++++ GIVEN RECORDS

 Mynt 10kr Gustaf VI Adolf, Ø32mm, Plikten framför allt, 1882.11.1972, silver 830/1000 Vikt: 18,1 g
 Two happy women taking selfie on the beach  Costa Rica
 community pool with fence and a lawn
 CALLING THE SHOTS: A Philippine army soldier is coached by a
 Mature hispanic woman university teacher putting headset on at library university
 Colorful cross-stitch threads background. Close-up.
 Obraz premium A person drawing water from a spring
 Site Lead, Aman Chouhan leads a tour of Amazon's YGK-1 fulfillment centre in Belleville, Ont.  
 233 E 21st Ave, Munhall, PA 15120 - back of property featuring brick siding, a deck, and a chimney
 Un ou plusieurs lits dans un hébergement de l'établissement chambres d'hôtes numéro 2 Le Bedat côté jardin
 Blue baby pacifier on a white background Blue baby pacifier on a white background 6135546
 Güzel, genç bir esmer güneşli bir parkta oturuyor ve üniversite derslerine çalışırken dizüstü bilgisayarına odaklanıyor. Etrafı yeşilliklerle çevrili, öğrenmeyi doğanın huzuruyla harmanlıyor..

++++++++

WHAT THIS TASK INVOLVES >> Give all of the entries again, word for word.

RESULT FOR THIS EXERCISE >>
 Mynt 10kr Gustaf VI Adolf, Ø32mm, Plikten framför allt, 1882.11.1972, silver 830/1000 Vikt: 18,1 g
 Two happy women taking selfie on the beach  Costa Rica
 community pool with fence and a lawn
 CALLING THE SHOTS: A Philippine army soldier is coached by a
 Mature hispanic woman university teacher putting headset on at library university
 Colorful cross-stitch threads background. Close-up.
 Obraz premium A person drawing water from a spring
 Site Lead, Aman Chouhan leads a tour of Amazon's YGK-1 fulfillment centre in Belleville, Ont.  
 233 E 21st Ave, Munhall, PA 15120 - back of property featuring brick siding, a deck, and a chimney
 Un ou plusieurs lits dans un hébergement de l'établissement chambres d'hôtes numéro 2 Le Bedat côté jardin
 Blue baby pacifier on a white background Blue baby pacifier on a white background 6135546
 Güzel, genç bir esmer güneşli bir parkta oturuyor ve üniversite derslerine çalışırken dizüstü bilgisayarına odaklanıyor. Etrafı yeşilliklerle çevrili, öğrenmeyi doğanın huzuruyla harmanlıyor..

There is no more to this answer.